That is exactly what is happening with the Android OS up to build number RC29 (the version which is hurriedly being pushed over the air as an update to G1 users. We thought that the hackers had scored when we reported that root terminal success had been achieved on the Googlephone, but now the process of downloading the terminal application, PTerminal, seems a little clunky. In fact, you should be able to turn on telnet, the process which enables you to remotely browse to your device over the network, simply by typing telnetd (although you’ll need some jiggery pokery to make sure you’re first in the correct directory).

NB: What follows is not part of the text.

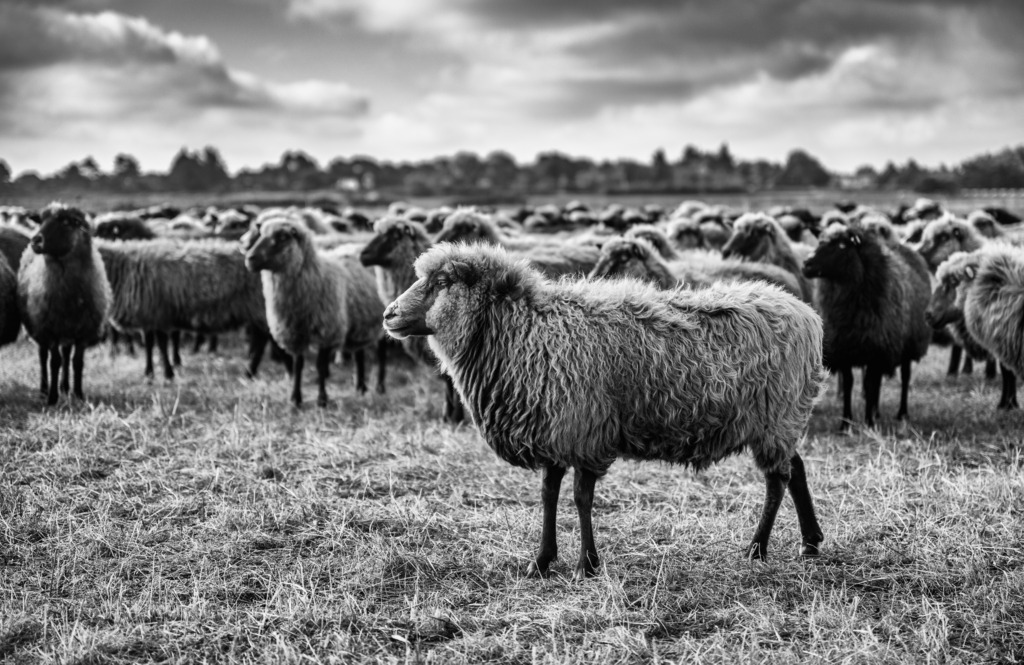 wanderschaefereien-schleswig-holstein-018 | Fjordlandschafe im Pferch in der Braderuper Heide auf Sylt. - Realisiert mit Pictrs.com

Here’s what ZDNet’s Ed Burnette has to say:

Thus every word you typed, in addition to going to the foreground application would be silently and invisibly interpreted as a command and executed with superuser privileges. Wow!

And from user jdhorvat, who posted this on the Google Code bug report thread:

I was in the middle of a text conversation with my girl when she asked why I hadn’t responded. I had just rebooted my phone and the first thing I typed was a response to her text which simply stated “Reboot” – which, to my surprise, rebooted my phone.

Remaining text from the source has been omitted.